■ **Task prompt**
Exclude the pictures and reproduce the remaining data exactly as written.

■ **Collected data**
******

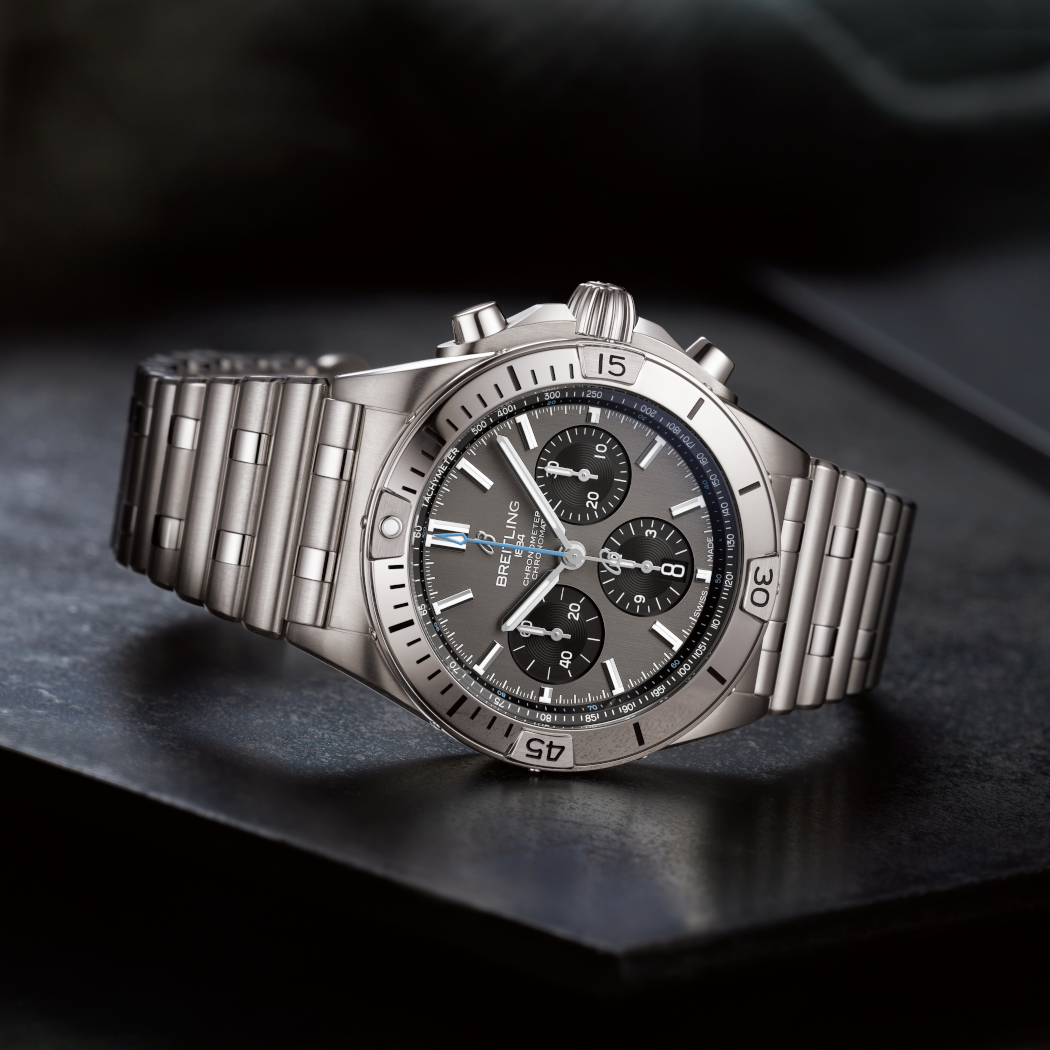 News Neuheiten 2024 - Breitling Chronomat B01 44 Bildgalerie 2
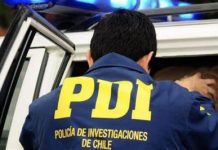 En plena Plaza Italia: PDI repele asalto en su contra al interior de un bus y da muerte a ladrón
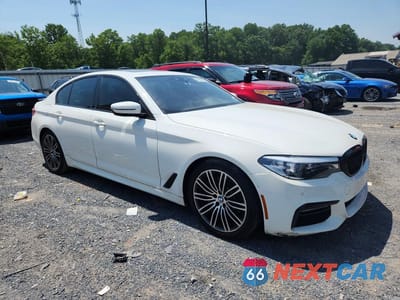Czwarte zdjęcie samochodu z boku: 2019 BMW 530 I VIN:WBAJA5C54KWA58084 - miniatura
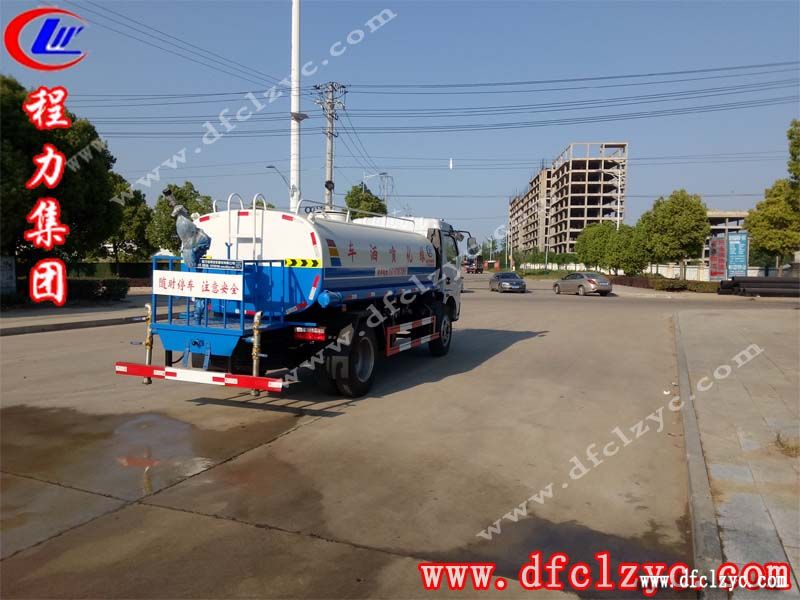 程力集團(tuán)國(guó)五福瑞卡多功能綠化灑水車 程力集團(tuán)國(guó)五福瑞卡多功能綠化灑水車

******

■ **Answer space**
 News Neuheiten 2024 - Breitling Chronomat B01 44 Bildgalerie 2
 En plena Plaza Italia: PDI repele asalto en su contra al interior de un bus y da muerte a ladrón
Czwarte zdjęcie samochodu z boku: 2019 BMW 530 I VIN:WBAJA5C54KWA58084 - miniatura
 程力集團(tuán)國(guó)五福瑞卡多功能綠化灑水車 程力集團(tuán)國(guó)五福瑞卡多功能綠化灑水車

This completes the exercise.